Prices drop for Alaska sport fish permits

An angler casts for sockeye salmon in the “sanctuary” area of the Russian River-Kenai River confluence on Sunday, June 28, 2020 near Cooper Landing, Alaska. (Elizabeth Earl/KDLL)

Alaska sport fish permit prices are slightly lower this year after the Alaska Department of Fish & Game removed a surcharge that had been in place for 15 years.

Fish & Game raised the price of permits in 2005 to pay off a $68 million bond debt. The bond financed the construction of sport fish hatcheries in Fairbanks and Anchorage, as well as hatchery enhancements in Southeast Alaska.

That debt was paid off in 2020.

“At the end of the calendar year of 2020, the surcharge essentially expired,” said Ryan Ragan, program coordinator with the department’s Division of Sport Fish.

It’s not huge change for Alaska residents.

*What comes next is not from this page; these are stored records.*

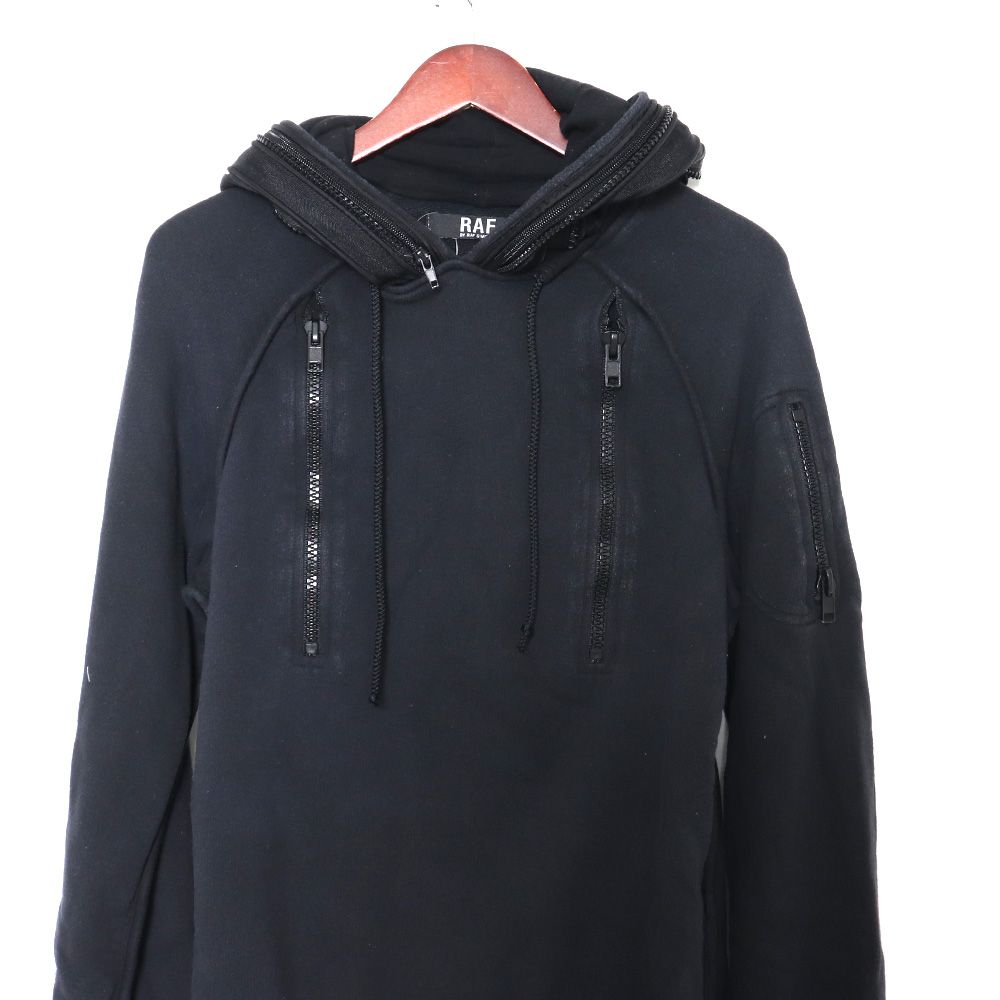 RAF BY RAF SIMONS ジッププルオーバーパーカー ブラック XS RAF BY RAF SIMONS マルチジップパーカー - メルカリ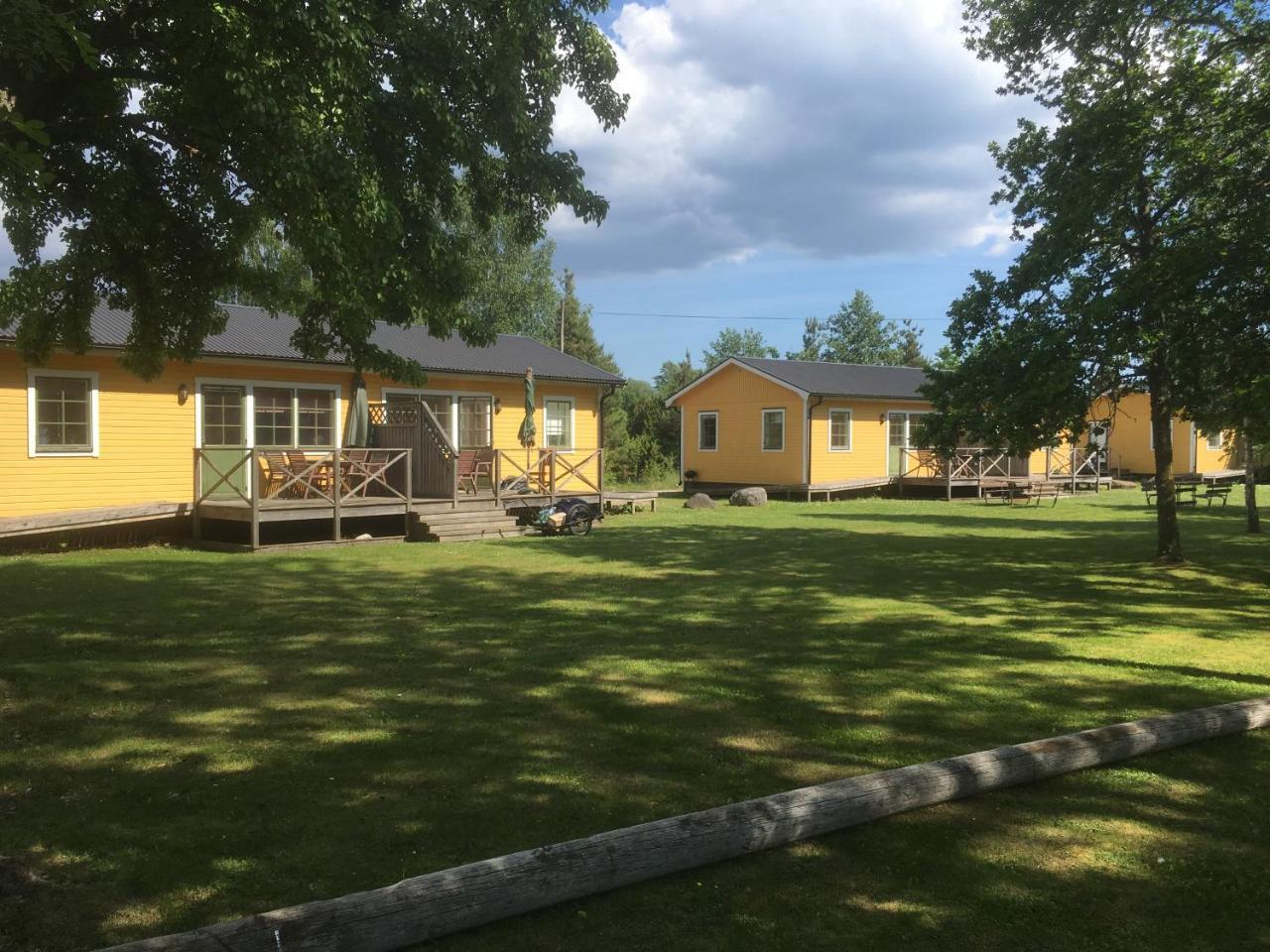 ホテル Warfsholm Klintehamn エクステリア 写真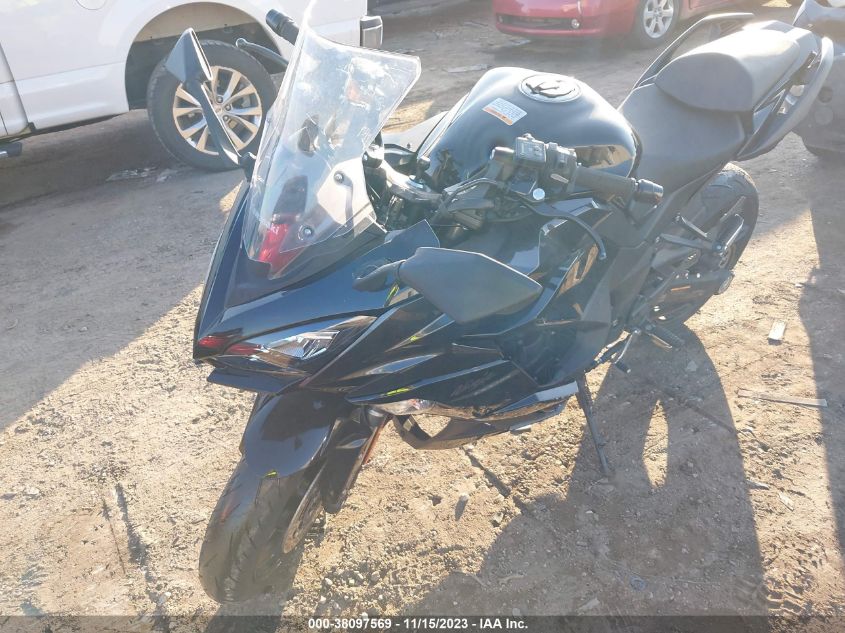 2021 KAWASAKI ZX1002 K JKBZXVK19MA015866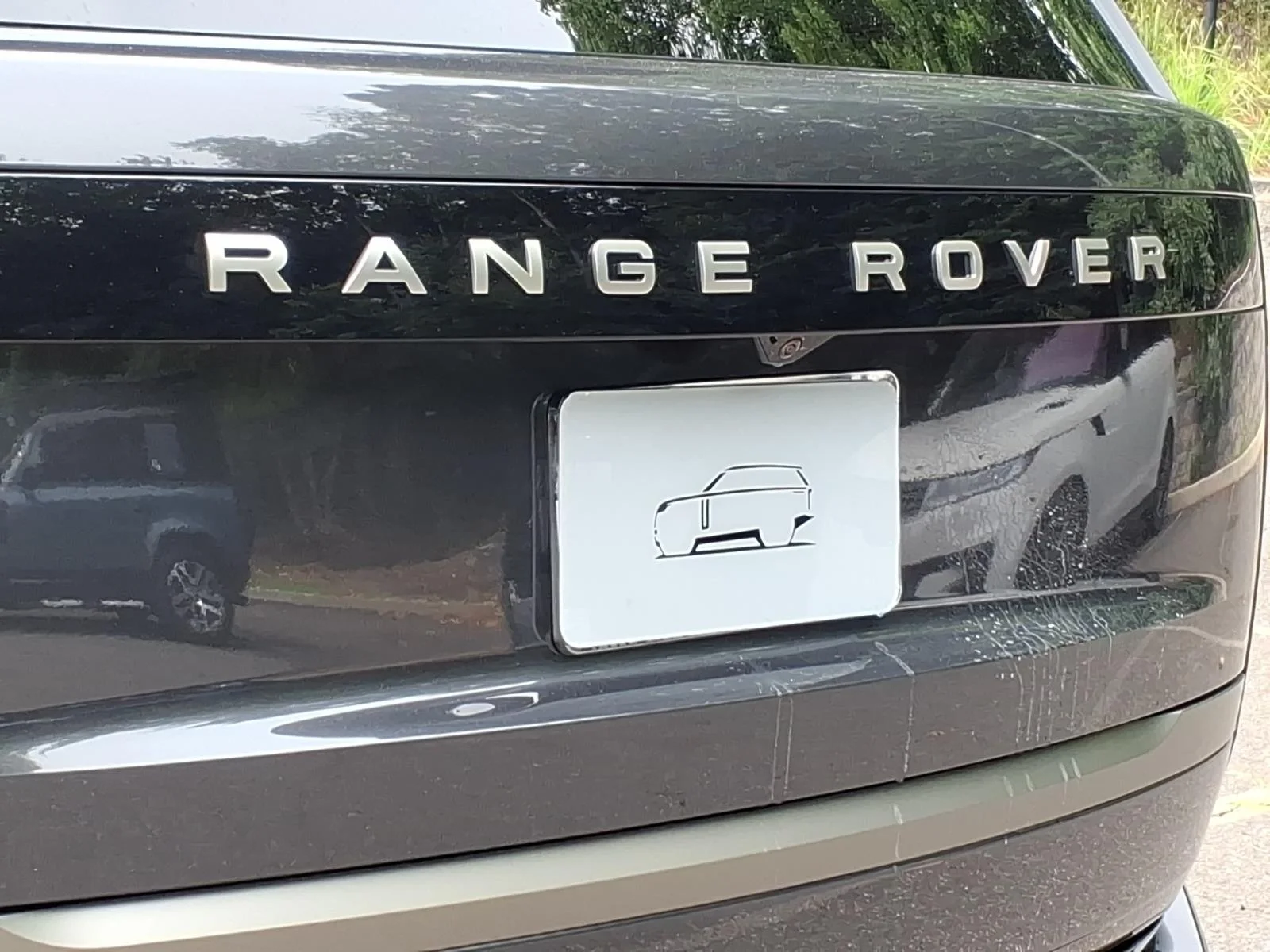 New 2026 Gray Land Rover SE LWB image 19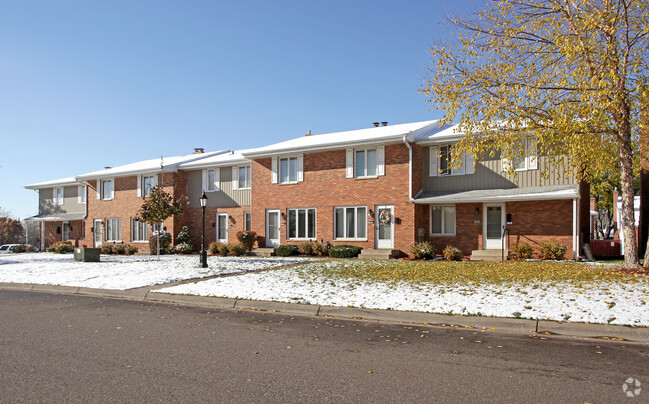 Primary Photo - North Maplewood Townhomes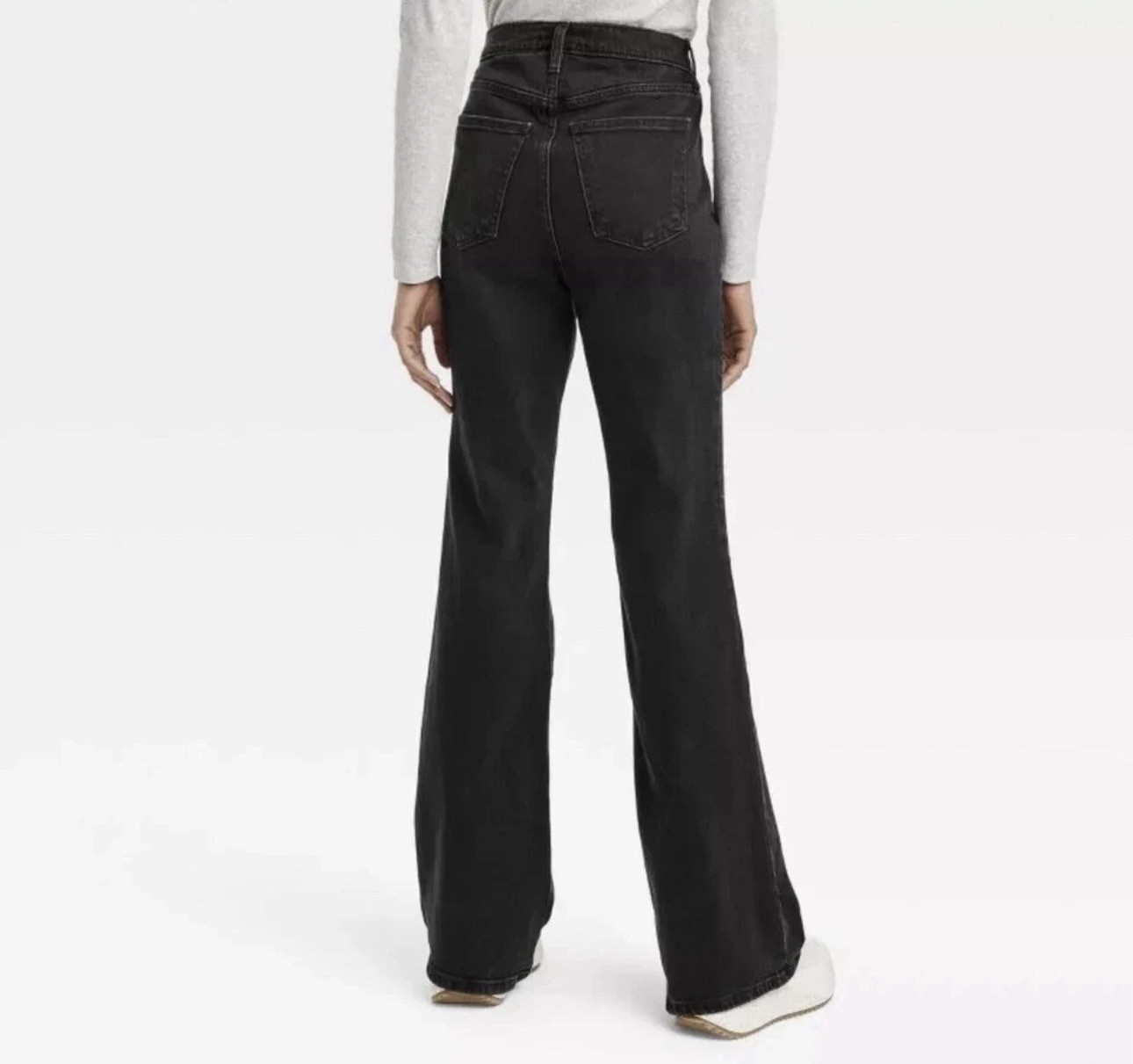 Universal Thread Women’s High Rise Flare Denim Jeans Size 14S Black Wash NEW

Last year’s permit was $29. Now, it’s $20.

But for nonresidents, an annual permit is down to $100 from $145. A one-day permit is down to $15 from $25.

Alaska resident sport fish permits are good for one calendar year. While more residents bought sport fish permits in 2020 than in 2019, nonresident permit sales declined last year as tourism dropped off, Ragan said. That created an almost $9 million loss in revenue for the department. Ragan said it’s hard to tell how this upcoming season will be.

You can buy a sport fish permit on the Fish & Game website.